* _RECORDS FOR PROCESSING_:
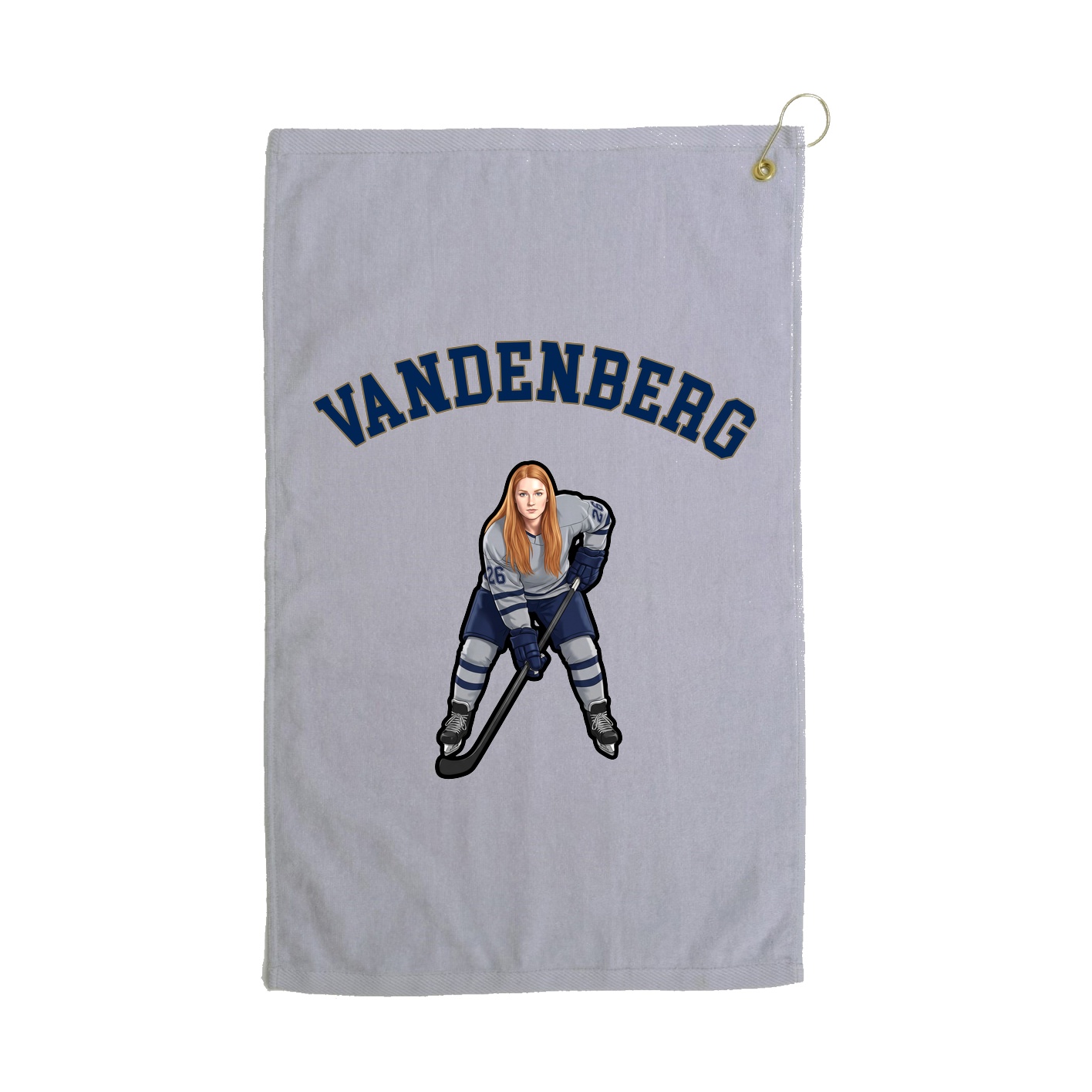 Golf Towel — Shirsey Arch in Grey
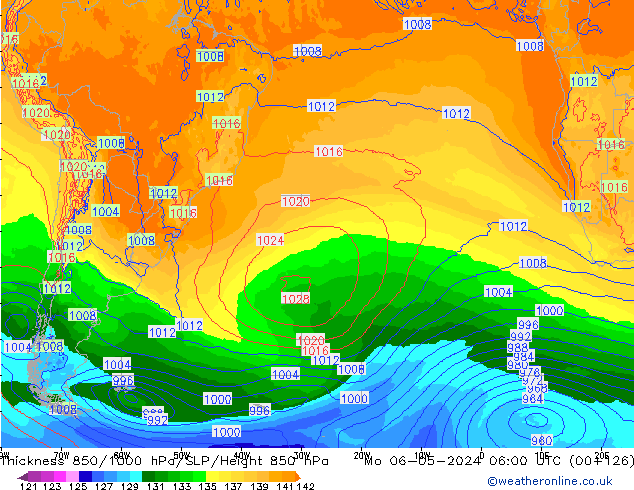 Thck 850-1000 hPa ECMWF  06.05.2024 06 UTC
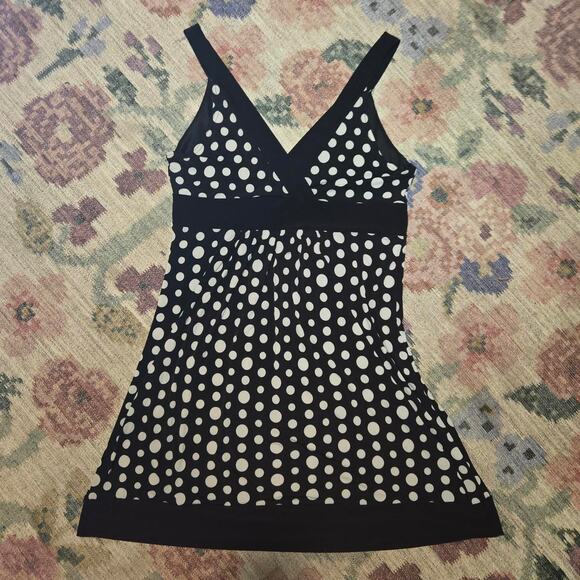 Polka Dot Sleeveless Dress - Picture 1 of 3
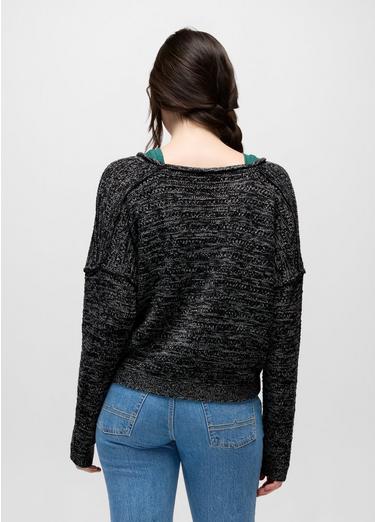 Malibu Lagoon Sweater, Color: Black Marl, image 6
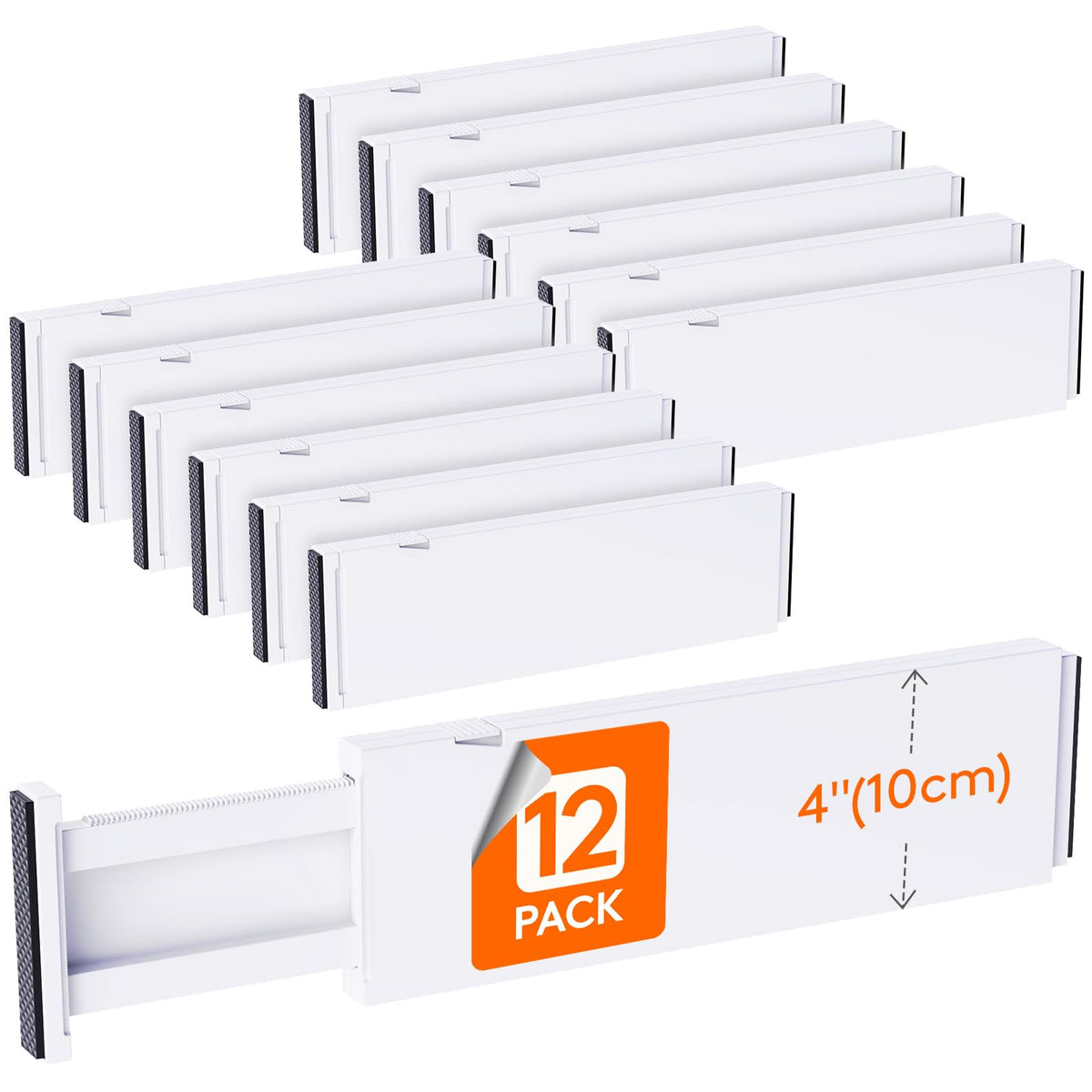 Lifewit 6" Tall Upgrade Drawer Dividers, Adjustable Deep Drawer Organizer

* _WORK TASK_:
Would you return the records exactly, keeping out every picture?

* _WORKED SOLUTION_:
 Golf Towel — Shirsey Arch in Grey
 Thck 850-1000 hPa ECMWF  06.05.2024 06 UTC
 Polka Dot Sleeveless Dress - Picture 1 of 3
 Malibu Lagoon Sweater, Color: Black Marl, image 6
 Lifewit 6" Tall Upgrade Drawer Dividers, Adjustable Deep Drawer Organizer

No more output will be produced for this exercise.